**About this task**
Each line below should be repeated exactly, but no picture should be carried over.

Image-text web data
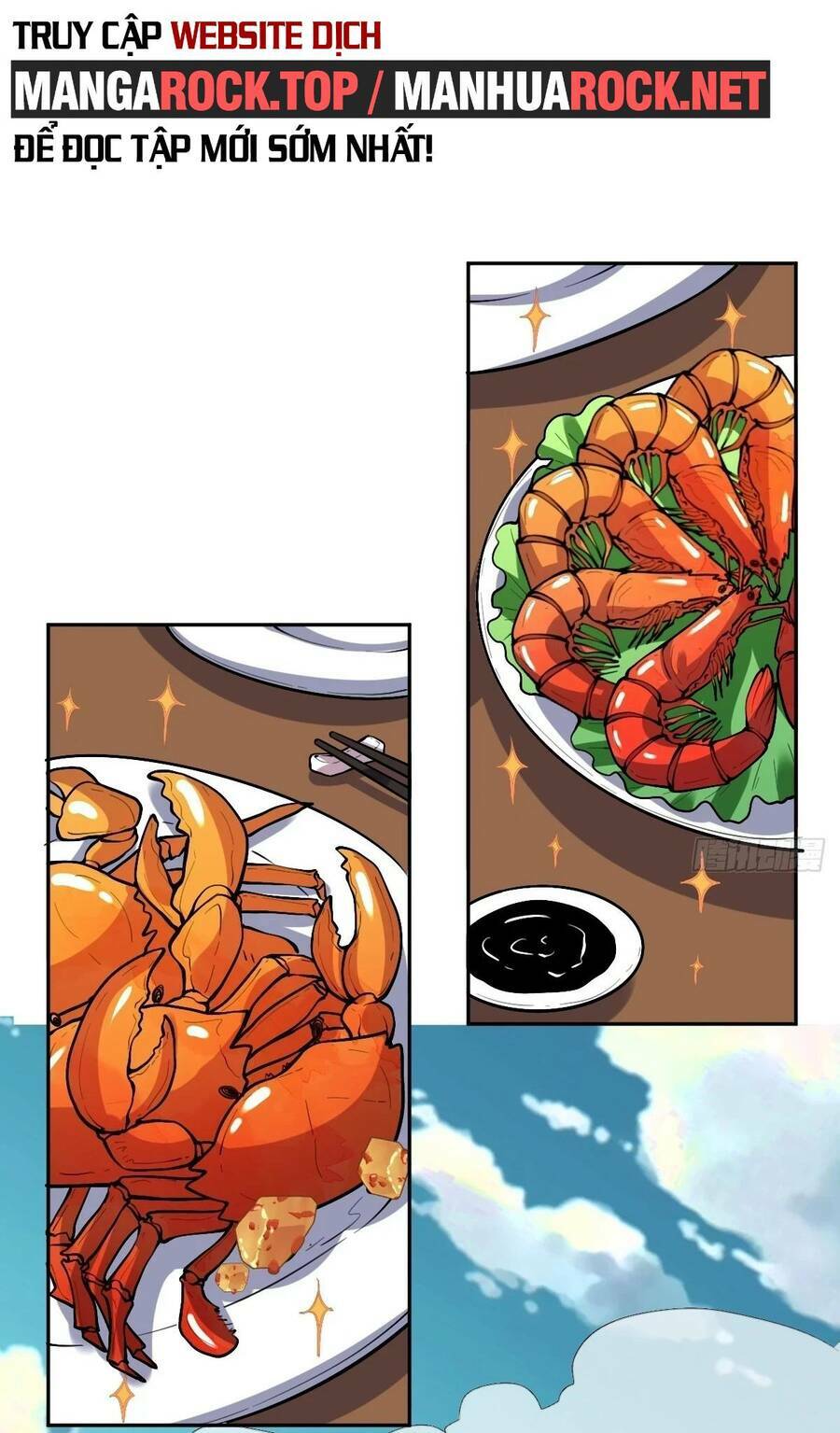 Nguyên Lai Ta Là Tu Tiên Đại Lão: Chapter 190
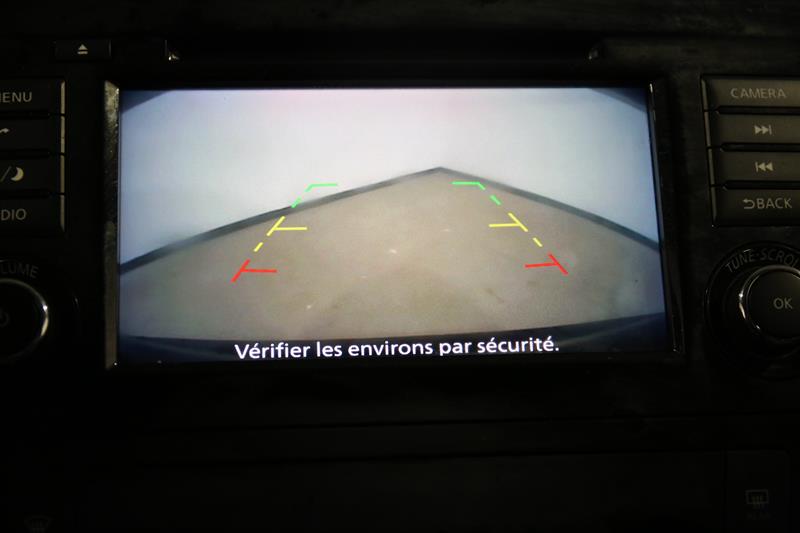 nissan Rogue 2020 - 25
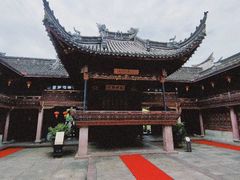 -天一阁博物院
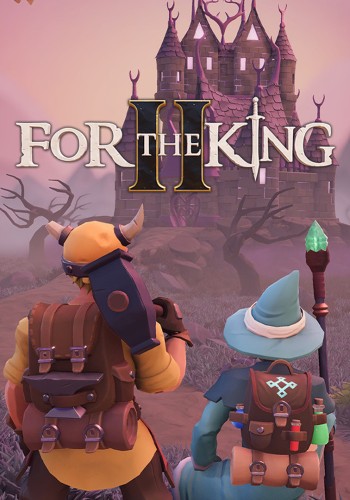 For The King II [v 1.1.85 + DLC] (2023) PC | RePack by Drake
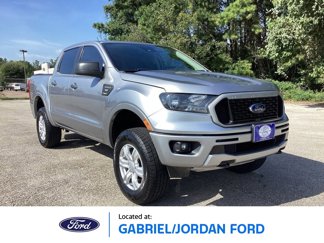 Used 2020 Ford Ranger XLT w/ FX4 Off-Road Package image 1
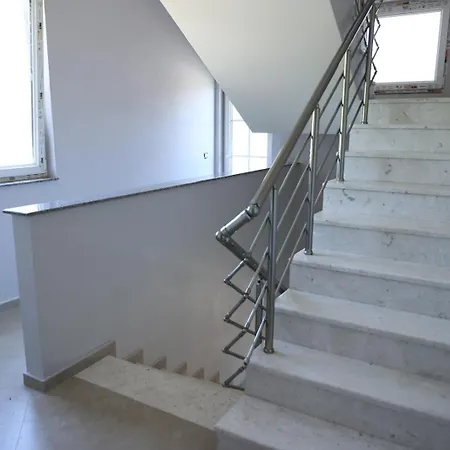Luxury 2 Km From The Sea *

**Finished task**
 Nguyên Lai Ta Là Tu Tiên Đại Lão: Chapter 190
 nissan Rogue 2020 - 25
 -天一阁博物院
 For The King II [v 1.1.85 + DLC] (2023) PC | RePack by Drake
 Used 2020 Ford Ranger XLT w/ FX4 Off-Road Package image 1
Luxury 2 Km From The Sea *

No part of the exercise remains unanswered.